Topics:  AI Strategy, Transformation

Extractive Summary of the Article | Read | Listen

Every company now claims to be digital, AI-powered, or data-driven. Yet the real differentiator isn’t technology—it’s how deeply organizations have rewired themselves across people, processes, and decisions.  This year McKinsey worked with leaders who didn’t just experiment—they scaled. They placed bold bets on data, built factories for innovation, personalized learning at enterprise scale, and made digital the core of their operating systems.  Across very different organizations—homeware retail, manufacturing, telecom, banking, and chemicals—we saw a common thread: success came from leaders who didn’t just talk about transformation but started running their businesses differently.  Here are five lessons from those who turned ambition into measurable impact.

  1. Karaca: Explore broadly, then double down on what delivers.  When Turkish homeware retailer Karaca wanted to expand its AI usage, it began by scanning nearly 200 potential use cases across the business—but the breakthrough came from focusing on the ideas with the greatest customer and commercial impact.   AIDA, an AI shopping assistant, became the flagship because early tests showed it could transform the online experience—ultimately doubling conversions versus search and delivering five times the rate of unaided sessions. Crucially, Karaca paired its broad exploration with disciplined guardrails, quality checks, and A/B testing to validate what worked and build organizational trust.
  2. Emirates Global Aluminium: Run two tracks at once.  Emirates Global Aluminium faced a common leadership challenge—how to show rapid results while building long-term digital foundations.
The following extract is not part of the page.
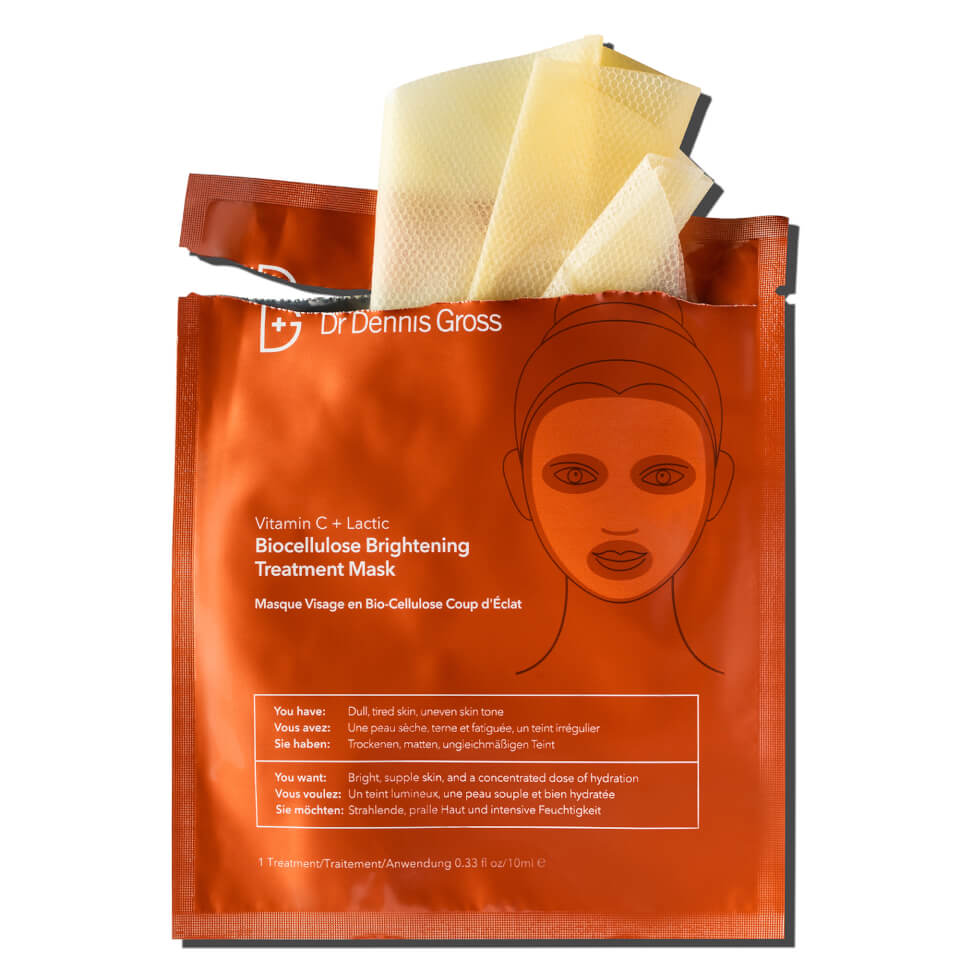 Dr Dennis Gross Skincare Vitamin C and Lactic Biocellulose Brightening Treatment Mask 10ml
The solution was a dual-track approach.  One track, the digital factory, focused on fast wins and turning out use cases in quarterly waves. The second track built the durable infrastructure—new governance, data platforms, and an agile delivery model. Together, these tracks helped EGA halve inbound logistical delays and increase productivity by over 18 percent.
  3. Deutsche Telekom: Apply personalization internally.  At Deutsche Telekom, personalization took on a new meaning when the organization recognized significant variation in performance across service agents. The company built an AI-powered learning engine that analyzed millions of data points to recommend tailored courses, real-time coaching, and peer mentoring paths for each employee.  Not only was there a 10 percent increase in first-time resolution rates, but customer satisfaction rose, reflected by a 14-point increase in customers’ likelihood to recommend the company to others.
  4. Banco Pichincha: Make transformation a team sport.  When Ecuador’s largest bank set out to build a new digital business, the turning point came when engineers, designers, and frontline staff joined forces to co-create Deuna!—a platform built to reach millions of unbanked customers.  By merging technical expertise with local insight, the team developed a product that scaled quickly and sustainably. The platform didn’t just digitize banking; it redefined inclusion by expanding access to financial services. Deuna! now has two million monthly active users, and more than 500,000 merchants across Ecuador accept digital payments.
  5. Jubilant Ingrevia: Turn innovation into a daily habit.  When market challenges hindered growth for specialty chemical player Jubilant Ingrevia, the organization made innovation part of its operating model. Through a center of excellence and a train-the-trainer approach, employees learned to embed digital tools into everyday operations.  The shift was cultural as much as technical. Employees learned data science fundamentals to apply in their daily tasks, and the organization built lasting confidence in using data to drive performance. Thanks to these changes, Jubilant achieved $13.6 million in savings over 36 months and optimized processes, cutting power consumption by 10 percent at its Bharuch facility.